Therein lies part of the genius, per Mod: aren’t these simply variations on the wildly-successful series that include The Hunger Games, Divergent, Twilight, and reaching back to Harry Potter? Wattpad lets — indeed, encourages – writers who want to be successful to write in the same (admittedly well-trod) genres of writers like Collins, Roth, Meyers, and Rowling who have become wildly successful.
And though it stretches the timeline of “start-up,” Wattpad sure looks like it isn’t investing a ton of cash into looking pretty — the homepage is particularly un-noteworthy. And unlike the start-up glut of The Bay Area or even New York, Wattpad was founded in and maintains its headquarters in Toronto.
“The last step,” per Mod, “is to do beautiful better.” So while other publishing companies are funneling millions into attractive dust jackets that have been through a half-dozen focus-groups and redesigning their websites to be “hip” or “slick,” the best startups may not look hip, but they are exactly that.
“The best start-ups are kinds of accidents,” Mod posits. And they are simple, too. Wattpad’s mantra seems to be “Let’s have you write something and see if some readers find you.” This “Weirdly utopian, almost naïve way of thinking” has worked well for Wattpad and has turned Allen Lau’s baby into “an infinite gold-making machine.”
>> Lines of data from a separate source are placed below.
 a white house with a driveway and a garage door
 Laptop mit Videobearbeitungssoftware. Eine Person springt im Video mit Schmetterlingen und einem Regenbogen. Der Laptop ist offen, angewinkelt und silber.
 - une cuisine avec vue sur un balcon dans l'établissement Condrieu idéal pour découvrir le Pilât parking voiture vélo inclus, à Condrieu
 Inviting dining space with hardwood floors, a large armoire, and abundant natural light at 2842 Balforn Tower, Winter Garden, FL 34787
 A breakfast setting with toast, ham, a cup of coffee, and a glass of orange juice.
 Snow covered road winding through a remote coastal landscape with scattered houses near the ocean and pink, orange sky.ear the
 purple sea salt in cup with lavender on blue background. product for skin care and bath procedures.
Lau’s goal, per Mod, is to have “a billion people reading every day — and loving it.” It’s that codicil that makes Wattpad so successful: its readers and writers are also its lovers. No one loves Amazon. Perhaps we hypocritically use Amazon while complaining about it, but as Mod pointed out, Amazon has an unbeatable tech monopoly. This is bad for any number of reasons, but in particular it leads to a lack of innovation.
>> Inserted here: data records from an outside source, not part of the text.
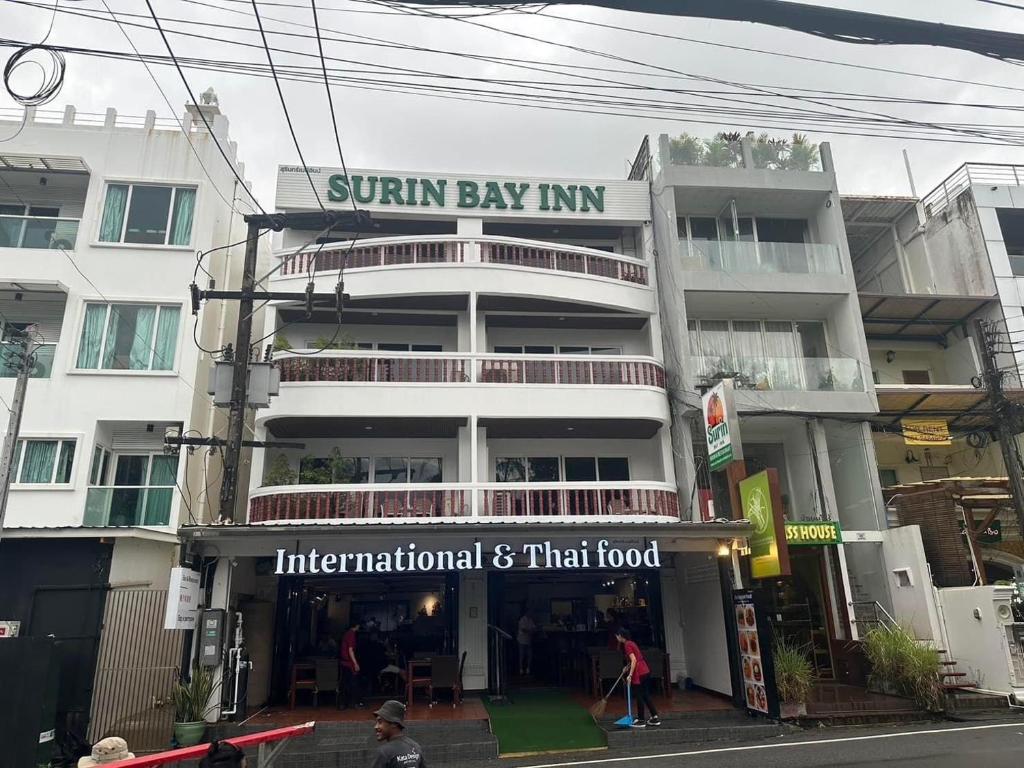 a building with a sign that reads sunbury bay inn at Surin Bay Inn in Surin Beach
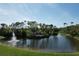 Scenic aerial of landscaped pond with fountains and lush green spaces and a community sign at 5211 Mahogany Run # 113, Sarasota, FL 34241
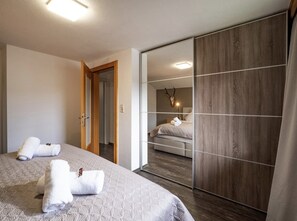 A bedroom with a large bed, a wooden wardrobe, and a mirror reflecting a bathroom with a bed and a deer head decoration. - Haus Adler 4 by Alpine Host Helpers (Westendorf)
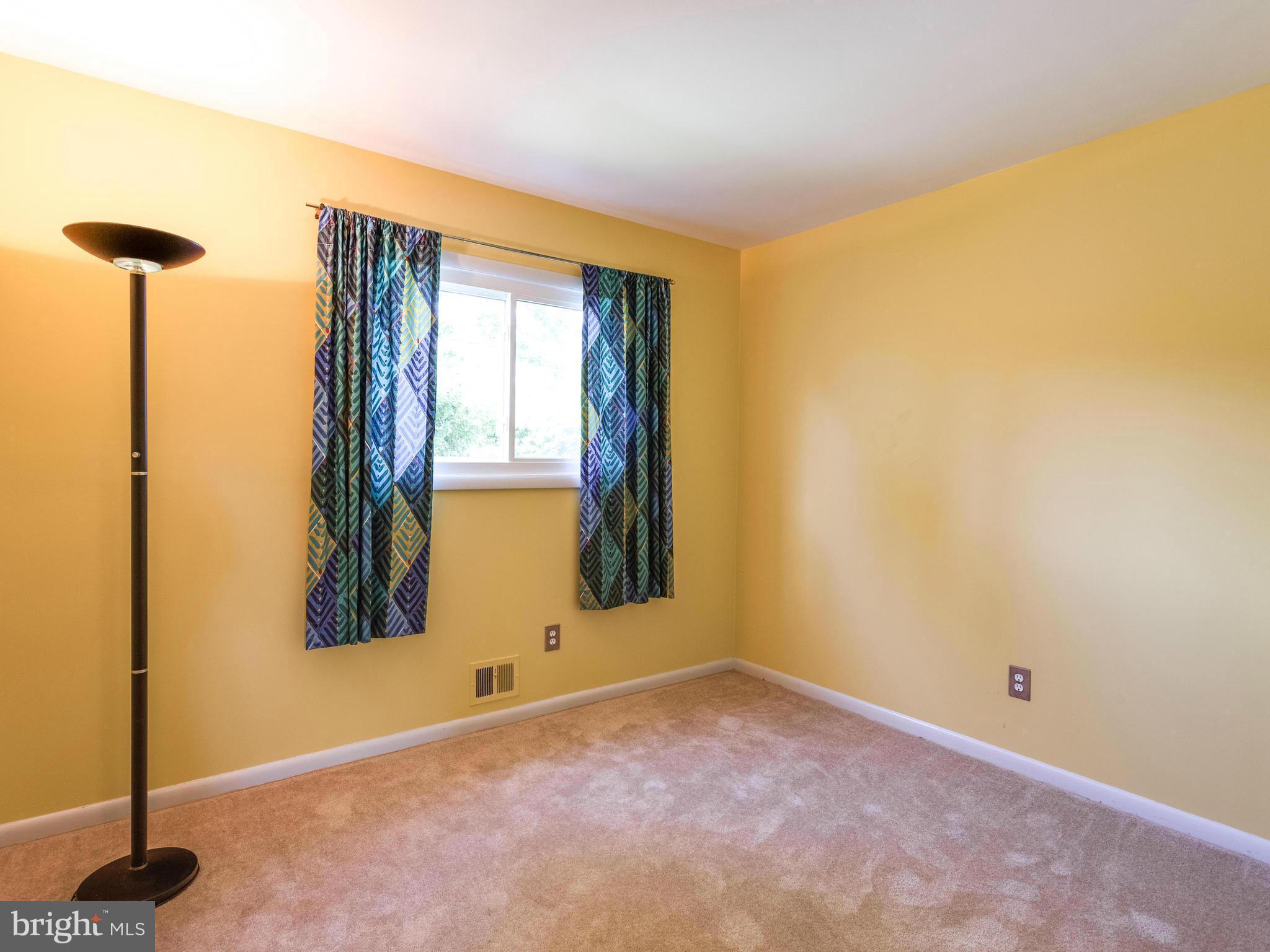 3908 Elby Street Silver Spring, MD 20906 - Photo 15 of 24 a view of an empty room with a window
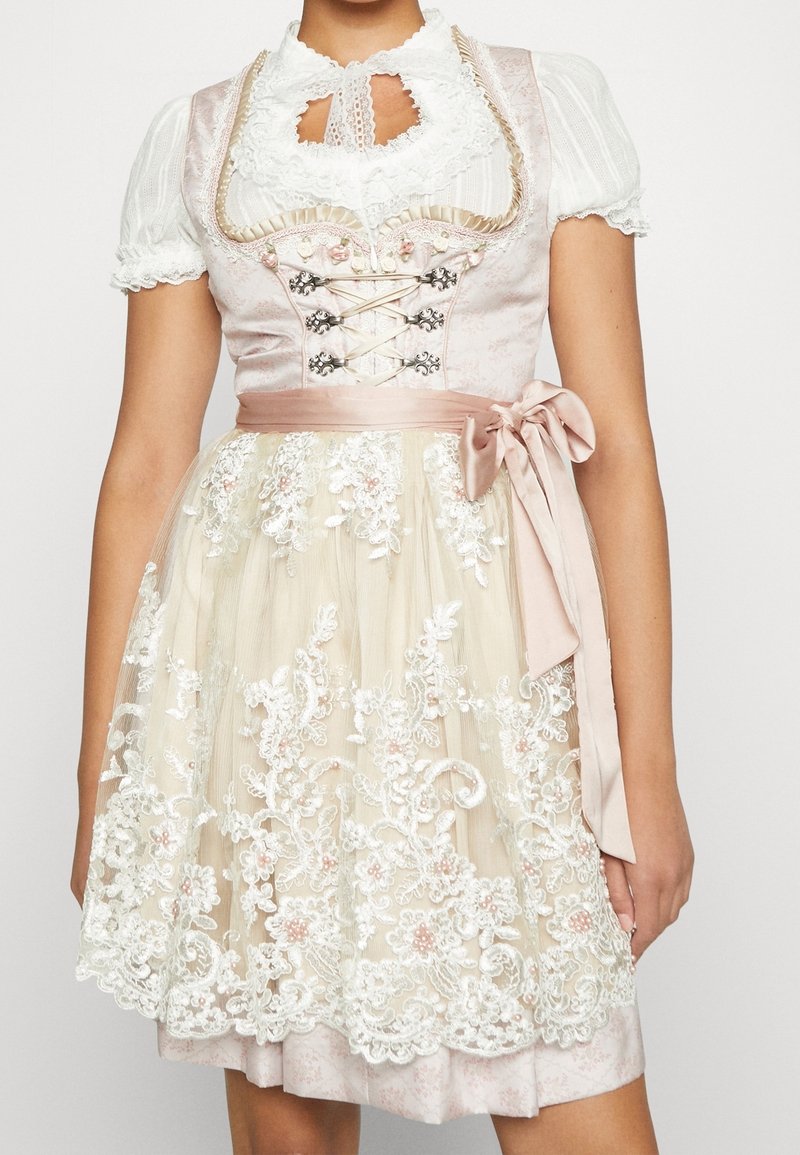 Femme portant une robe dirndl rose pâle avec un corsage à lacets, des manches ballons blanches et un tablier en dentelle crème noué avec un nœud en satin à la taille.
And while Wattpad may look dated, the Amazon Kindle page is dated. Quite simply, “Amazon has no incentive to change” and this has led, in Mod’s view, to Amazon’s “Ebook innovation stagnation.” While Amazon almost actively discourages discourse between author and audience, this is Wattpad’s raison d’etre.
Lest this appear an apologia for Wattpad, other start-ups are certainly worth noting, but few have had the longevity of Wattpad (which makes one wonder when a company ceases to be a start-up). ReadMill was a German-startup that was bought by DropBox: “A good concept, but perpetually hamstrung by DRM.” Goodreads was, of course, purchased by Amazon. And PushPopPress, an enhanced ebook publisher “that produced — still to this day — one of the most beautiful standalone books-as-apps ”, was bought by Facebook.
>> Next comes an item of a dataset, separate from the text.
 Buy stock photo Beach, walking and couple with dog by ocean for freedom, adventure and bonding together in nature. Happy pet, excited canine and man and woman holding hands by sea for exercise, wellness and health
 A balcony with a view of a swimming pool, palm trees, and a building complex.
The Yale Publishing Course, which turns five this year, chose Mod to follow in the footsteps of more “traditional-publishing” keynote speakers including Michael Jacobs, CEO of Abrams (who will give this year’s closing address) and John Sargent of Macmillan. An admitted outsider to New York book publishing per se — Mod lives in Tokyo most of the year — his talk was a refreshing dose of common sense. Quit trying to “beat Amazon” — just get readers to love your writers, wherever they may find them.